Things don't seem to be getting better either. Real wages in most African countries have fallen by more than 50% since 1980 (Jubilee 2000). According to The Centre for Economic Policy Research in 2001, more than three-quarters of the world's countries had a growth rate at least 5% lower in the 1980-2000 period than in the 1960-1980 period. China is one major exception, but not because it took advice from the World Bank and IMF. (Far from it in fact. China has been one of the few countries to completely reject IMF and World Bank advice, opting instead for protectionism, an inconvertible currency and a state controlled banking system.) In 1996 the UN said that the poorest third of the world's people are getting poorer.
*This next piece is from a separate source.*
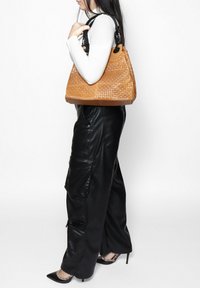 Geweven leren handtas in warm bruin met een gestructureerde vorm, voorzien van dubbele zwarte hengsels en een gestructureerd oppervlak.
Even the World Bank has admitted that, between 1987 and 1998, the number of people in absolute poverty (meaning that they survive on less than $1 per day) increased from 1200 million to 1500 million.

Among the various actors in this sad tale, the World Bank and the IMF stand tall. Established under the Bretton Woods arrangements in 1944, the World Bank was to provide development assistance for non-commercial projects, and the IMF was to assist nations in short term balance of payments difficulties and act to ensure currency stability. Often mentioned in the same breath, but entirely separate, the World Trade Organisation (WTO) was established in 1995 as the successor to GATT (the General Agreement on Tariffs and Trade) in order to implement free trade and global standardisation among the world's nations. When it comes to defining country types, there is some variation in the methodology of the supranational institutions. Generally speaking, each recognises developing, transitional and developed countries. The OECD's Development Assistance Committee separates developing and transitional countries according to GNP per capita. Here, "developing" includes "least developed" and "low income" countries which had a GNP per capita below $760 in 1998. In 2002, UNCTAD listed 49 "least developed" countries. The WTO meanwhile allows members to self-select themselves as "developed" or "developing" but, where trade privileges are available to developing countries, one country may challenge another's self-selection.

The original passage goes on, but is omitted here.